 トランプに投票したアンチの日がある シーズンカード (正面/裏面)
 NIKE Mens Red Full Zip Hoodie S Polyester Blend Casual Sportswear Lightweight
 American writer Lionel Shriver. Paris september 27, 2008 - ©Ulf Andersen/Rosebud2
※ ※ ※
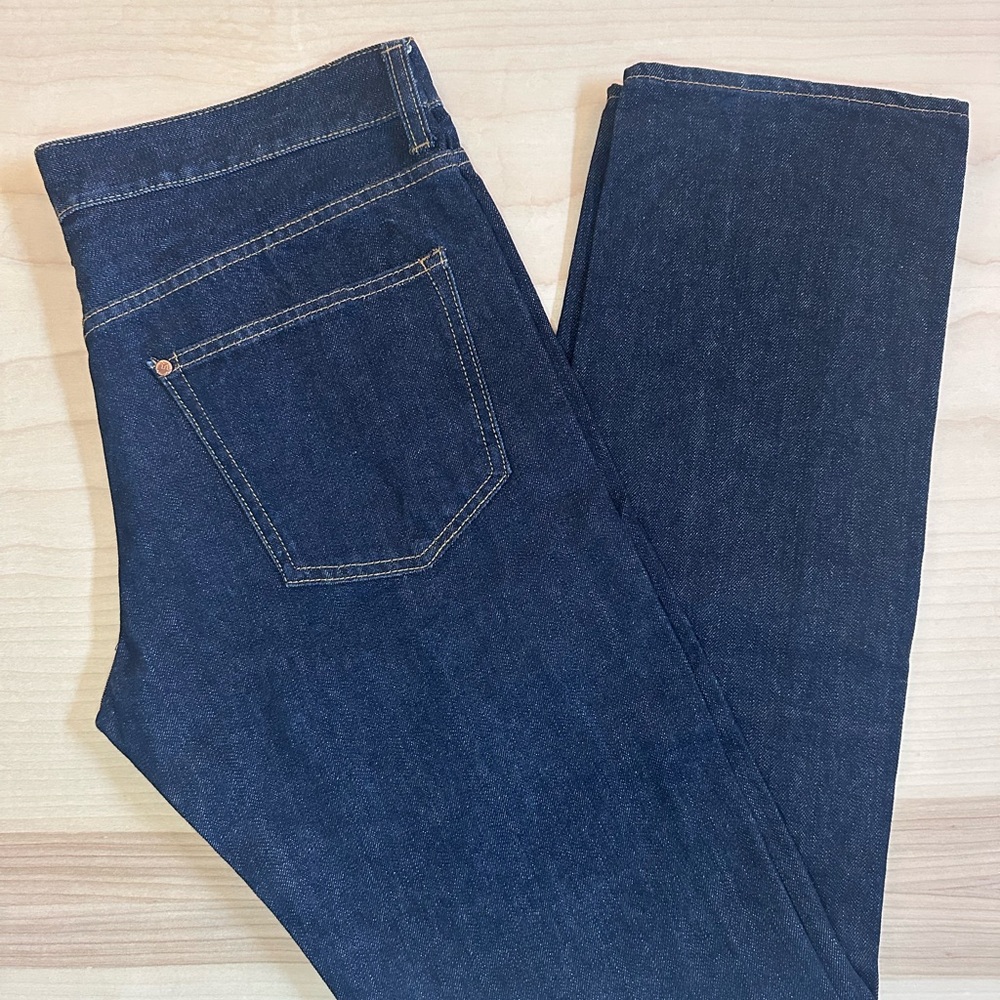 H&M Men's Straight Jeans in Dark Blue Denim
※ ※ ※
What this task involves
In the listing above, find the line containing "トランプに投票したアンチの日がある シーズンカード (正面/裏面)" and the line containing "American writer Lionel", then repeat those two lines and everything between them exactly.

Response area
 トランプに投票したアンチの日がある シーズンカード (正面/裏面)
 NIKE Mens Red Full Zip Hoodie S Polyester Blend Casual Sportswear Lightweight
 American writer Lionel Shriver. Paris september 27, 2008 - ©Ulf Andersen/Rosebud2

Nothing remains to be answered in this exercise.